- How to complete this task: Output exactly the lines of the listing below that run from the line with "Modern high-rise buildings" through the line with "自宅でカフェインレスコーヒーを飲む妊婦　グッドサイン". No pictures.

──────── Input for this task

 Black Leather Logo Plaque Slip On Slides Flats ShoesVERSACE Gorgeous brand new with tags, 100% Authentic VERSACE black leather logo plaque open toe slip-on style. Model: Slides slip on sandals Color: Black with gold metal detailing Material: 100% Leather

────────────────
──────── Input for this task

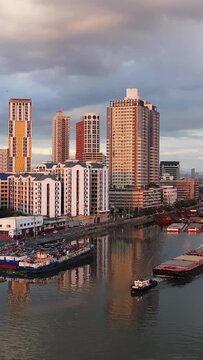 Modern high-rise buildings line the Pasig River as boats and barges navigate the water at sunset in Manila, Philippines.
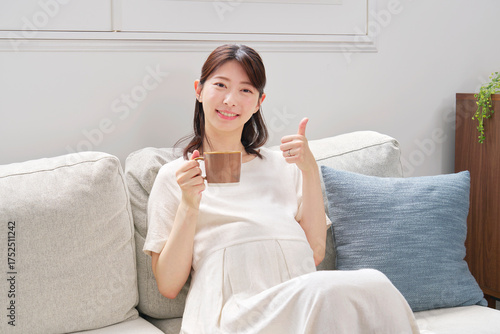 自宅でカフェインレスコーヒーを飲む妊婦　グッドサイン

────────────────

- Written answer:
 Modern high-rise buildings line the Pasig River as boats and barges navigate the water at sunset in Manila, Philippines.
 自宅でカフェインレスコーヒーを飲む妊婦　グッドサイン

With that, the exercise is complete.